TASK GOAL ::
A verbatim copy of every record is required, and no pictures should be included.

Crawled caption data:
**********

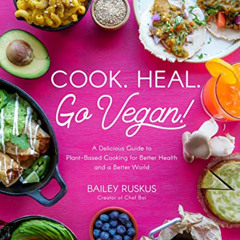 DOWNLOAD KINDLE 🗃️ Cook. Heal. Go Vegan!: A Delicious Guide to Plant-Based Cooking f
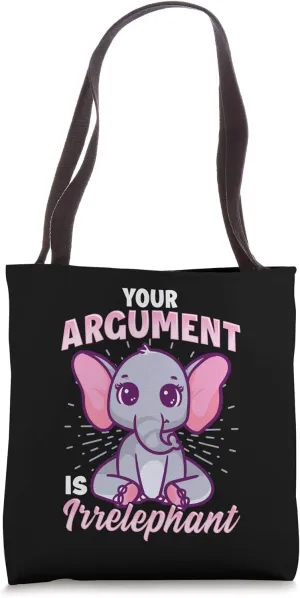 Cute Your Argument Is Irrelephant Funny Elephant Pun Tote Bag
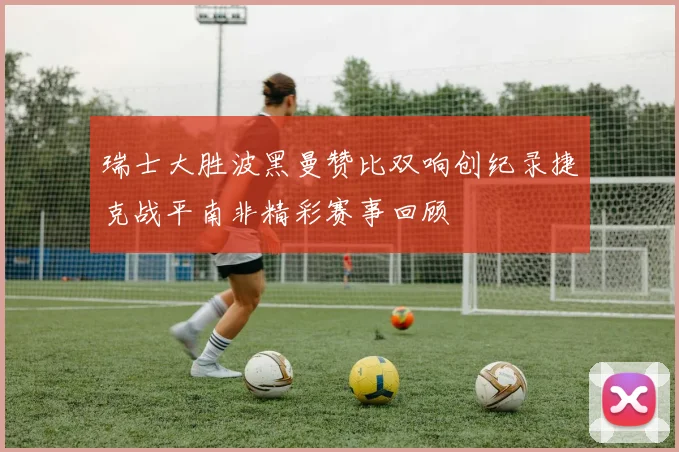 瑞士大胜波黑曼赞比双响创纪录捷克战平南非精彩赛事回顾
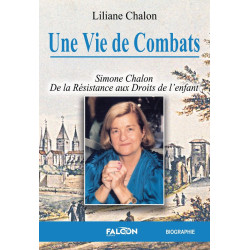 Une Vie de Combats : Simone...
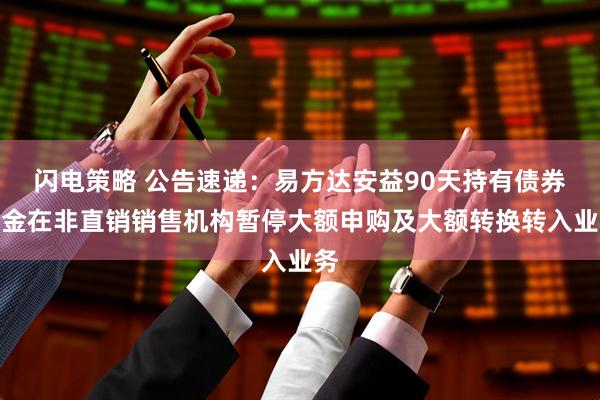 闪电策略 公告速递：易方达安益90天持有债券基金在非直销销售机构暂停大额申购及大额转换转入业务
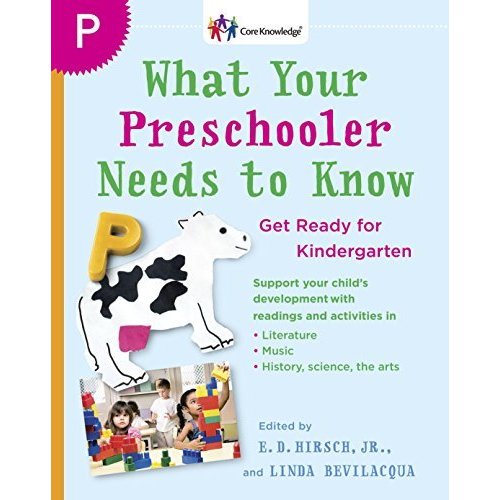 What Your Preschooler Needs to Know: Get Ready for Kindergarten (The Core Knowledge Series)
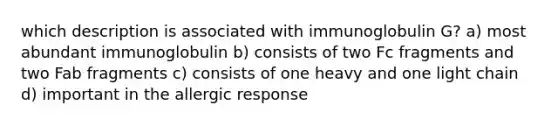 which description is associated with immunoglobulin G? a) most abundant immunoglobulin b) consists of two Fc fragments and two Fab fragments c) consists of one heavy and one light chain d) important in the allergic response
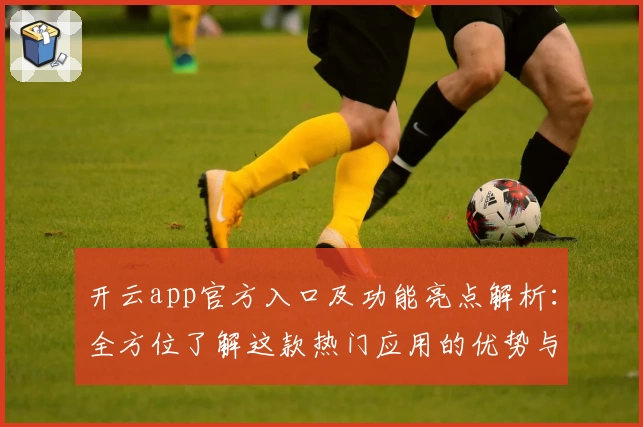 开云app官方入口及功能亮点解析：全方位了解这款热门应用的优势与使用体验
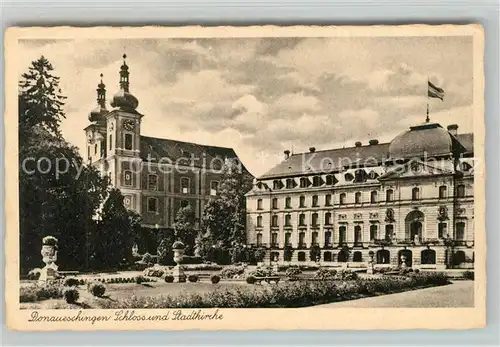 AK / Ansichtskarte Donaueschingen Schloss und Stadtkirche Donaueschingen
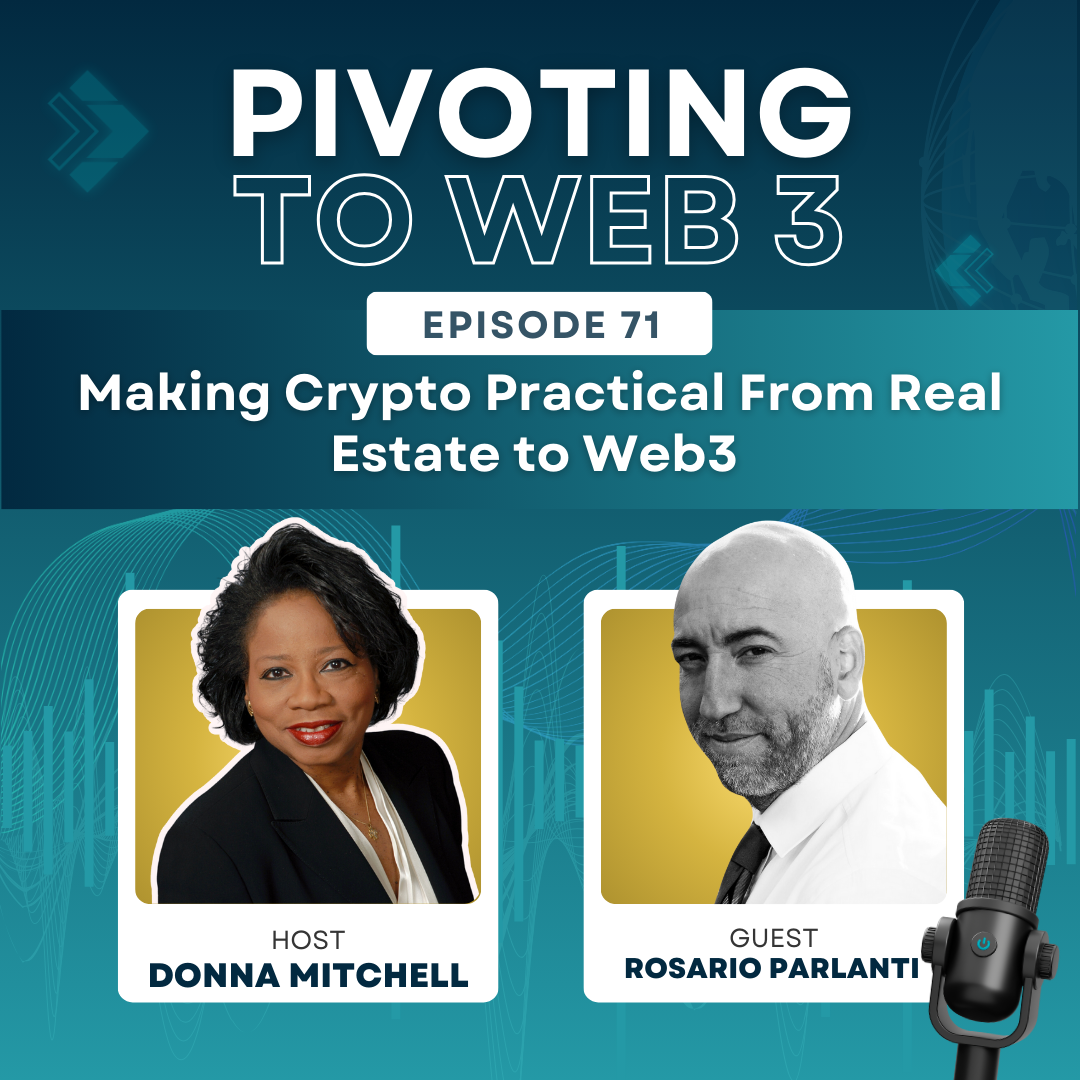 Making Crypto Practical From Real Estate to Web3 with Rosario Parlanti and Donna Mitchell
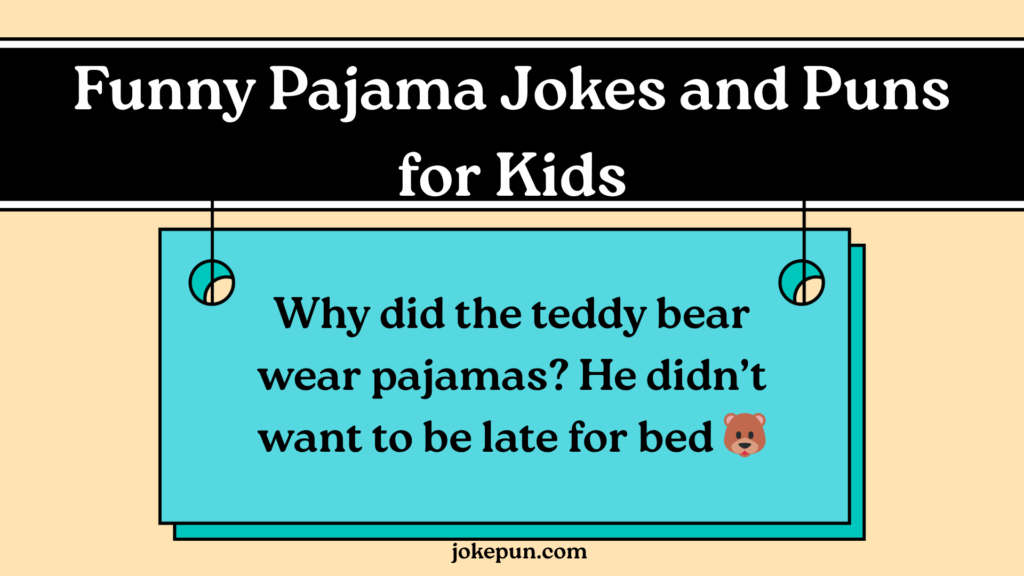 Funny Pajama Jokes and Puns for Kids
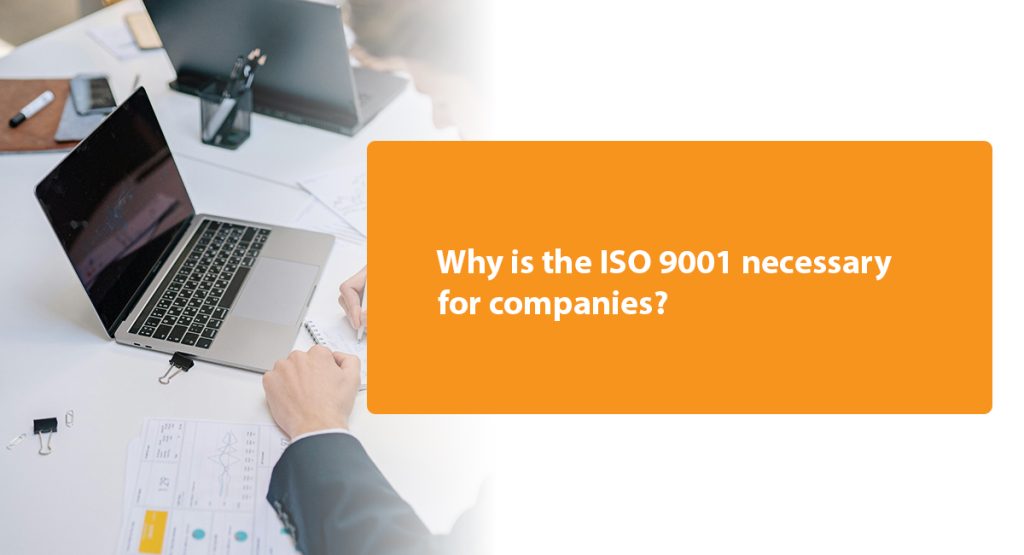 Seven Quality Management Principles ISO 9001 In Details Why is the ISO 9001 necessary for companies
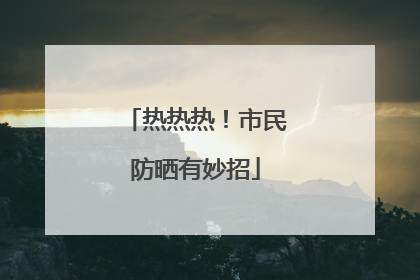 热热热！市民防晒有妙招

**********

RESPONSE TO THE TASK ::
 DOWNLOAD KINDLE 🗃️ Cook. Heal. Go Vegan!: A Delicious Guide to Plant-Based Cooking f
 Cute Your Argument Is Irrelephant Funny Elephant Pun Tote Bag
 瑞士大胜波黑曼赞比双响创纪录捷克战平南非精彩赛事回顾
 Une Vie de Combats : Simone...
 闪电策略 公告速递：易方达安益90天持有债券基金在非直销销售机构暂停大额申购及大额转换转入业务
 What Your Preschooler Needs to Know: Get Ready for Kindergarten (The Core Knowledge Series)
 which description is associated with immunoglobulin G? a) most abundant immunoglobulin b) consists of two Fc fragments and two Fab fragments c) consists of one heavy and one light chain d) important in the allergic response
 开云app官方入口及功能亮点解析：全方位了解这款热门应用的优势与使用体验
 AK / Ansichtskarte Donaueschingen Schloss und Stadtkirche Donaueschingen
 Making Crypto Practical From Real Estate to Web3 with Rosario Parlanti and Donna Mitchell
 Funny Pajama Jokes and Puns for Kids
 Seven Quality Management Principles ISO 9001 In Details Why is the ISO 9001 necessary for companies
 热热热！市民防晒有妙招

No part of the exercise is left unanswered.